● **Caption-style text data**:
☆ ☆ ☆ ☆ ☆
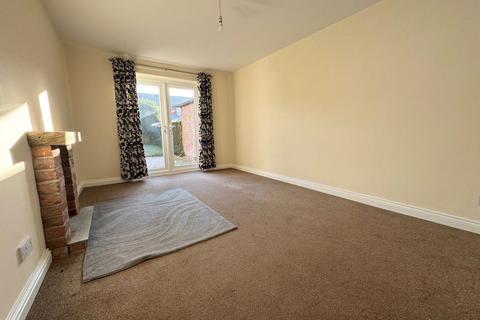 3 bedroom house to rent, Somerton Road, Macclesfield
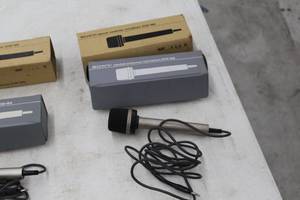 lot 633 image: Sony ECM-18N Electret Condenser Microphone (in original box) with Case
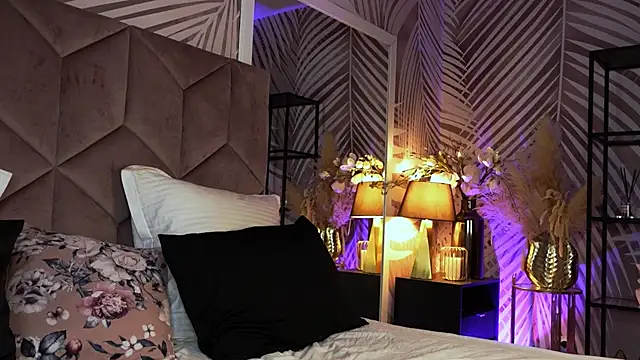 EvaRhea online show from 03/24/26, 04:45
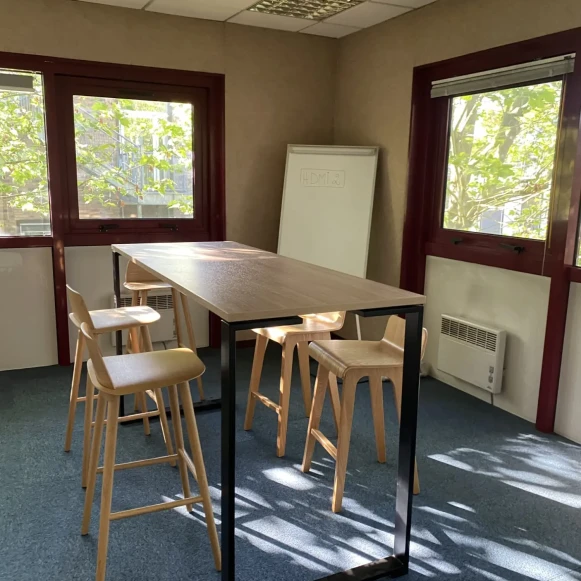 Bureau privé 12 m² 3 postes Coworking Rue Lavoisier Pontoise 95300 - photo 3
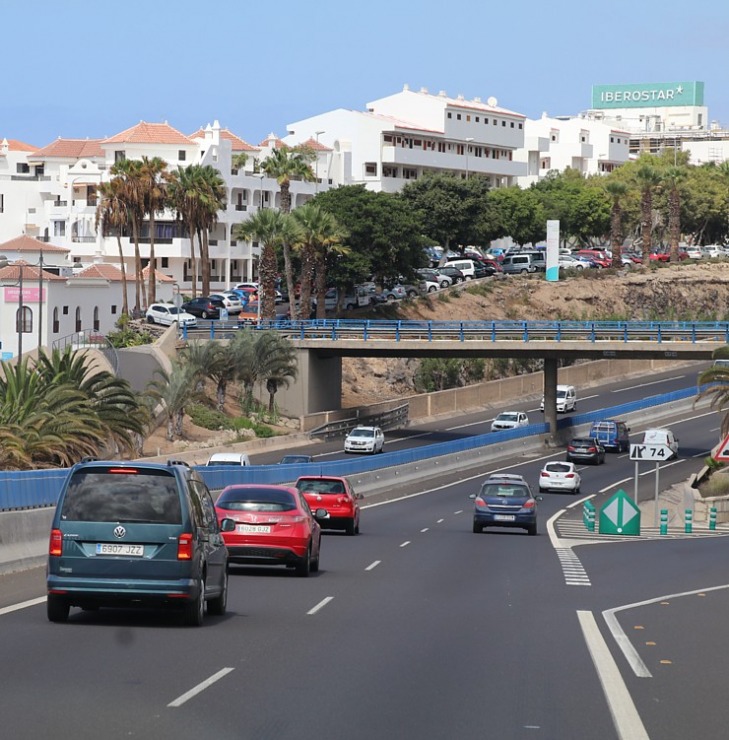 Travelnews.lv ar ekskursiju autobusu apbrauc apkārt Tenerifes salai un izbauda ceļu infrastruktūru Travelnews.lv ar ekskursiju autobusu apbrauc apkārt Tenerifes salai un izbauda ceļu infrastruktūru 309640
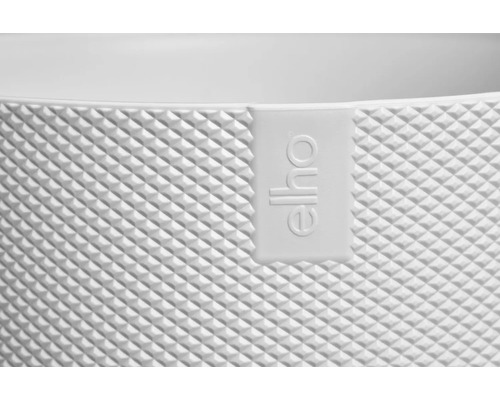 Detailopname van een bloempot met Elho logo en gestructureerd oppervlak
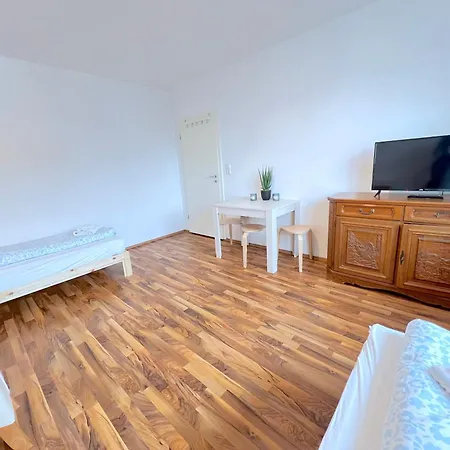 Apartment V 4 Personen - Monteurzimmer - - Dingolfing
☆ ☆ ☆ ☆ ☆
● **Aim of the exercise**: With pictures omitted, reproduce exactly the lines from the line containing "EvaRhea online show from 03/24/26, 04:45" through the end of the data above.

● **Finished exercise**:
 EvaRhea online show from 03/24/26, 04:45
 Bureau privé 12 m² 3 postes Coworking Rue Lavoisier Pontoise 95300 - photo 3
 Travelnews.lv ar ekskursiju autobusu apbrauc apkārt Tenerifes salai un izbauda ceļu infrastruktūru Travelnews.lv ar ekskursiju autobusu apbrauc apkārt Tenerifes salai un izbauda ceļu infrastruktūru 309640
 Detailopname van een bloempot met Elho logo en gestructureerd oppervlak
 Apartment V 4 Personen - Monteurzimmer - - Dingolfing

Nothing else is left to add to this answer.